Puerta del Sol
Spain's symbolic Kilometre Zero — the half-moon plaza where the country counts in the New Year, eating twelve grapes with the chimes of the Real Casa de Correos clock.
The call
Worth it for the right traveler.
Why
- 01
Less a sight than the city's living switchboard: the point every road in Spain measures from, the spot where Madrileños mass on December 31st to eat a grape on each of the twelve bell-strokes, and the everyday meeting place under the bear-and-strawberry-tree statue (the city's heraldic emblem, El Oso y el Madroño).
Our read - 02
You feel the centrality more than you photograph it.
Our read
Is it a fit?
Think twice if
You are watching the budget
Puerta del Sol can strain a tight budget. Go only when it is a priority.
You only have one day
Keep Puerta del Sol only when it outranks a half-day elsewhere.

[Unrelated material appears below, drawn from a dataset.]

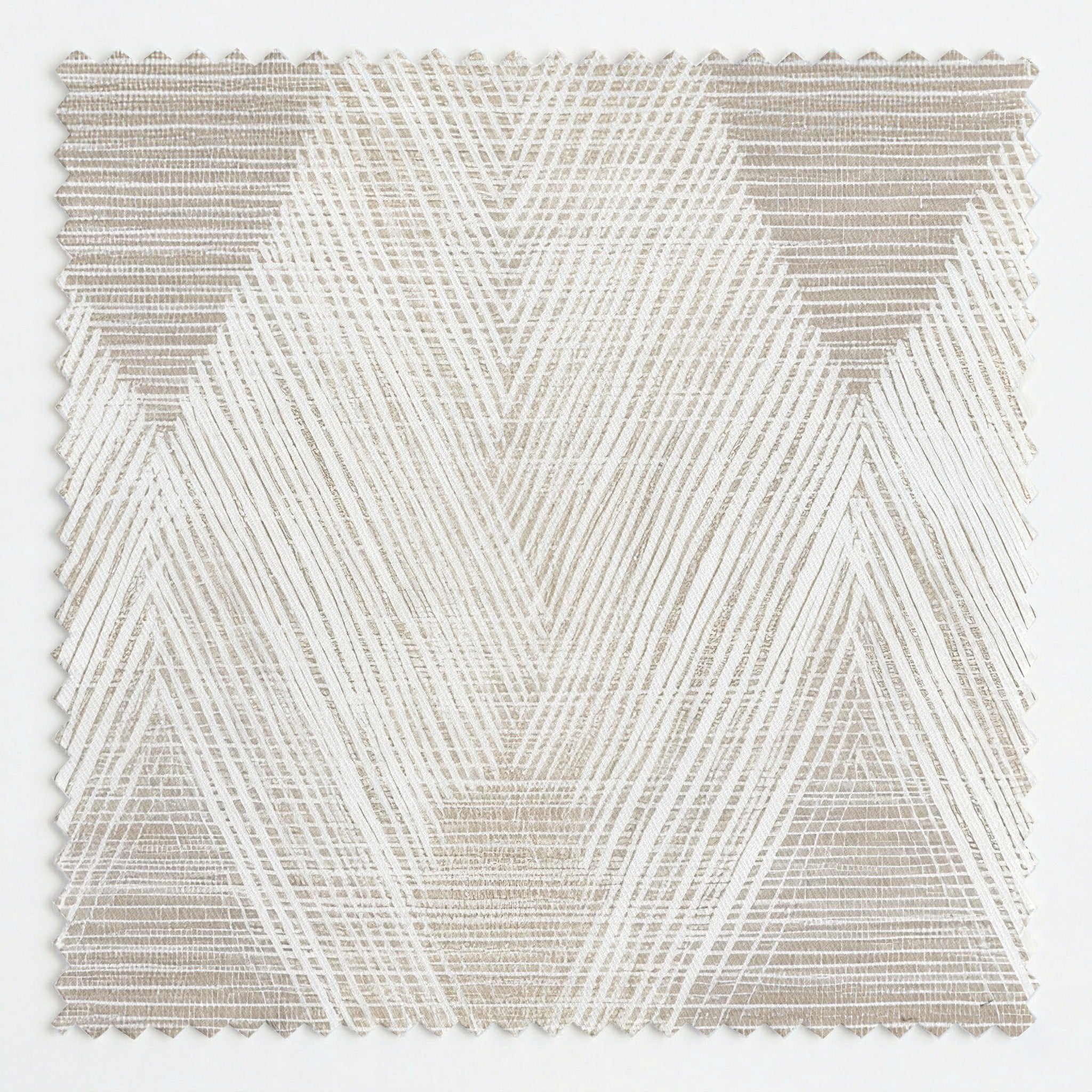 Seraph Diamond - Fabric - Linen Rowe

You are traveling with kids
With kids, Puerta del Sol needs the right timing and tolerance.
You are traveling as a couple
As a couple, Puerta del Sol needs the right timing and tolerance.
Plan it well
- Cost
- Free
- Timing
- Pass through any time; it never really quiets down.
- Allow
- 10–20 minutes
- Accessibility
- Flat, pedestrianised and fully step-free.
- Getting there
- Metro Sol is a major hub on lines 1, 2 and 3.